How Jackie Robinson Found Himself in the Dodgers Lineup in 1947
If you’re a baseball fan—or simply a foe of injustice—you no doubt observed the 75th anniversary on April 15 of Jackie Robinson breaking Major League Baseball’s color barrier.
Years ago, the league retired Robinson’s No. 42, except on the anniversary of his first MLB game, when every player on every team wears that number. Beyond that, individual teams stage their own celebrations and, of course, the sports media devoted vast bandwidth, airtime, and column inches to the subject.
The tribute is well-deserved, and it’s difficult to imagine any sane person questioning the man’s fortitude or denying the stain on the game left by the “gentlemen’s agreement” under which the baseball owners for generations barred persons of color from the National Pastime.
But in their coverage of both the original episode and the league-wide observance last month, the pundits characteristically focused too much attention on why, but little or none on how baseball was finally integrated.
In fact, Robinson found his way into the Brooklyn Dodgers’ lineup on April 15, 1947, not because of a government edict but because of free markets and the irresistible morality of capitalism.
As has been well-chronicled, from the time of its founding in 1876, Major League Baseball had remained an entirely white enterprise. There are legends about light-skinned blacks making occasional appearances in uniform. There are even persistent rumors the game’s most iconic player, Babe Ruth, had African-Americans in his family tree.
But even if true, these stories would be only a footnote in history because Robinson was, by all accounts, the first MLB player to openly identify as non-white—and face the consequences of it.
To be sure, nothing ever found its way into the league’s bylaws spelling out the specifics of the rule or promising retribution against any who violated it, but the conspiracy couldn’t have been more obvious, and there was much being written about the travesty.
But while the lawmakers dithered, the market acted.
To be more precise, Dodger General Manager Branch Rickey took a good look at the wealth of talent toiling away in the Negro Leagues and concluded the benefits of winning games outweighed whatever informal sanctions might accompany his decision to violate the game’s unwritten rule.
And when his actions forced the other owners to follow suit, however timid or racist they may have been, the whole calculus changed.

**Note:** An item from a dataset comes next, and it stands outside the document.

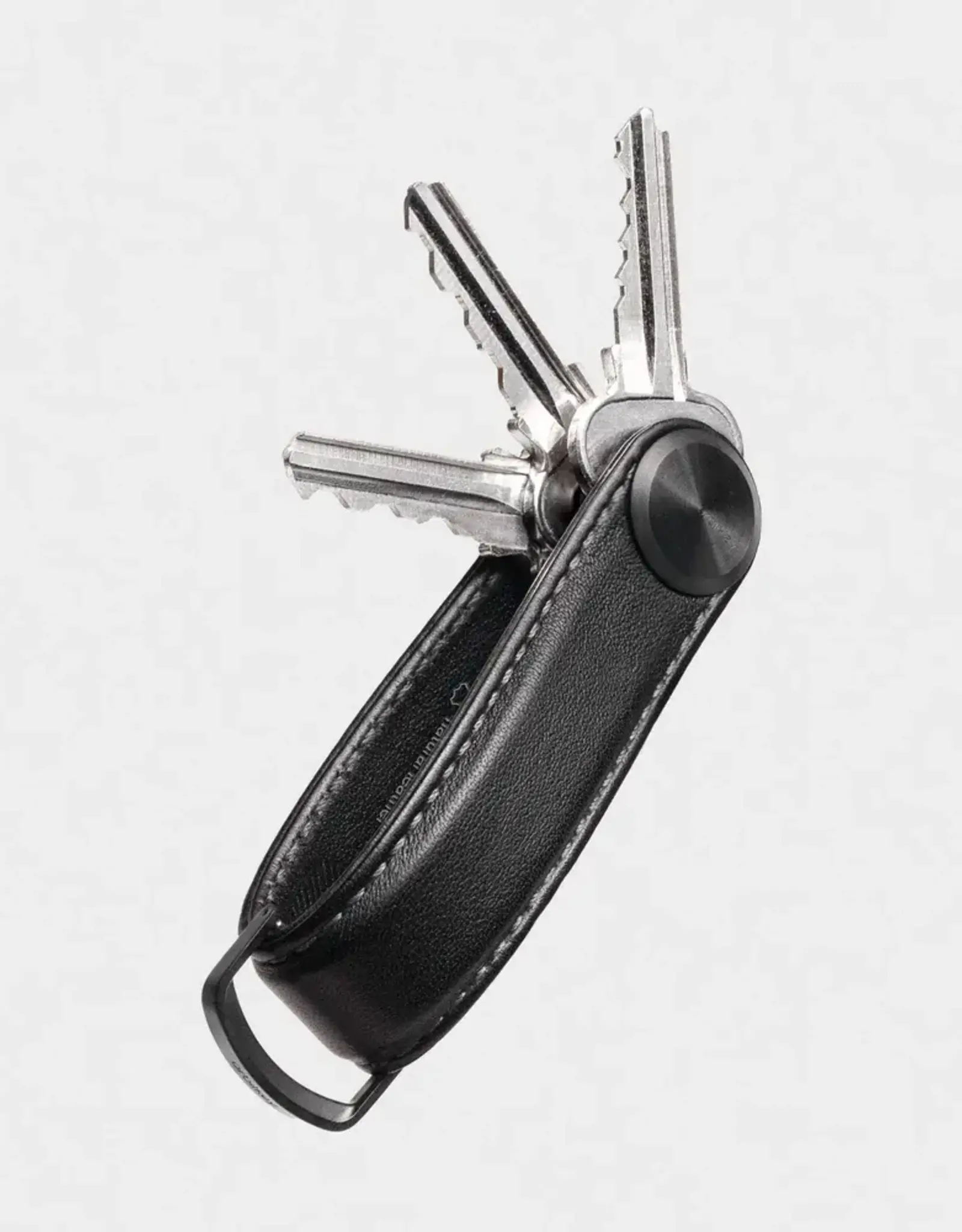 Orbitkey Key organiser pro leather blackout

Legendary economist Thomas Sowell, in “The Thomas Sowell Reader,” avoided the temptation to rhapsodize and, instead, expressed the development in unsparing economic terms:
“Because Major League Baseball has operated as a cartel, exempted from anti-trust laws, it … had low costs of discrimination and was able to keep black players out. But this situation changed in 1947, when the Brooklyn Dodgers hired Jackie Robinson as the first black Major League ballplayer. Because there was competition within the cartel among various teams, once the color barrier was broken by just one team hiring just one black player, the cost to other teams of keeping out other black players rose sharply. The net result was that, in a matter of a relatively few years, large numbers of black players flooded into the major leagues … The cost was obviously much too high for the competing teams to pay for continuing racial exclusion in Major League Baseball. Their racial attitudes may not have changed, but the cost of translating those attitudes into discriminatory exclusions had changed drastically.”

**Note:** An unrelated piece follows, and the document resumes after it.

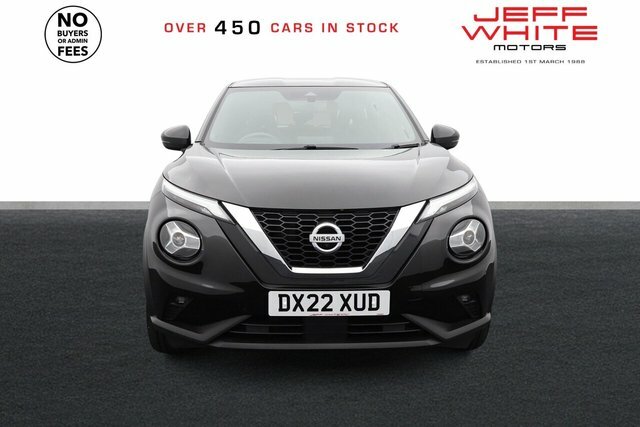 Nissan Juke Dig-t Tekna Suv DX22XUD Black #4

Again, the question isn’t whether discrimination is a bad thing, or the integration of baseball was a good thing. Those conclusions are self-evident. But the Jackie Robinson experience unequivocally proves that, in the absence of monopoly-enabled collusion, the market will force individuals to do the right thing.

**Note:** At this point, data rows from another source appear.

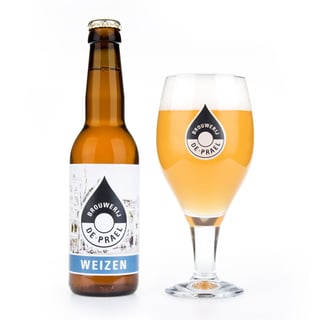 Brouwerij De Prael Weizen Bier 6 Stuks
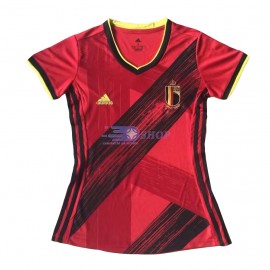 Camiseta Bélgica 1ª Equipació 2020 Mujer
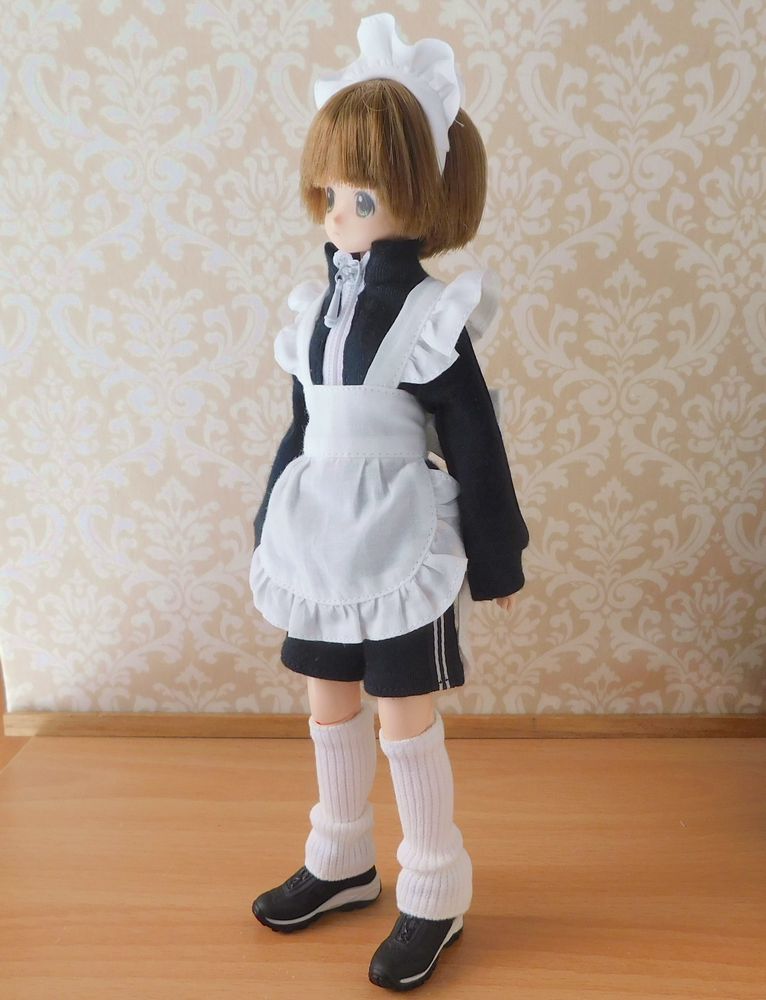 オビツ21～23用 ジャージメイドのエプロンセット | メカニカル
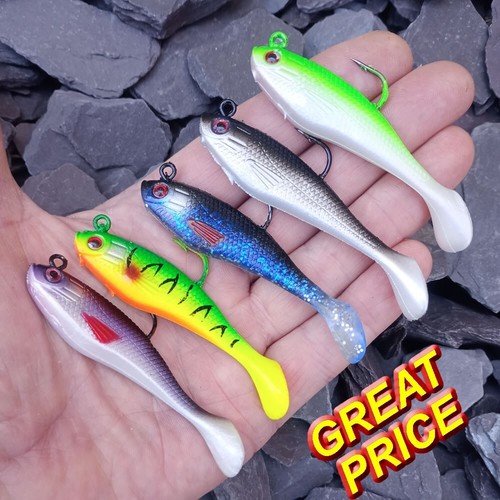 Cannibal shad fishing lures - cannibal,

More to the point, it proves that market-driven societal changes tend to be more readily accepted than those imposed by government. Either Roosevelt or Truman could have intervened and integrated baseball by force. Perhaps they even wanted to. But would doing so have driven home the point to owners, teammates, and baseball fans that it was not only the right thing but the only thing they could do?
Did the integration of schools go smoothly? How about busing or minority hiring quotas?
Unlike those top-down solutions, which yielded questionable results and engendered resentments we still grapple with to this day, Branch Rickey’s bold stroke was quickly embraced by those forced to choose between accepting the truth or consigning their team to mediocrity.
As a footnote, within two years Rickey’s Dodgers had three more black players, including Don Newcombe and Hall of Famer Roy Campanella. Not coincidentally, their crosstown rivals, the New York Giants, responded in 1949 by making Monte Irvin the 10th black to play in the major leagues.
By 1951, the Giants had more black players—including Willie Mays—than Brooklyn, not because they were forced by government fiat, but because they would have been at a significant competitive disadvantage to choose any other course.
Arbitrary quotas and the clumsy application of force allow preening politicians to assert they were the instrument of change. But if the objective is smooth transition, wide acceptance, and enduring success, nothing beats competition and the open market.
It takes nothing away from Jackie Robinson’s talent and courage to recognize they were finally put on display only after the market was allowed to work as intended.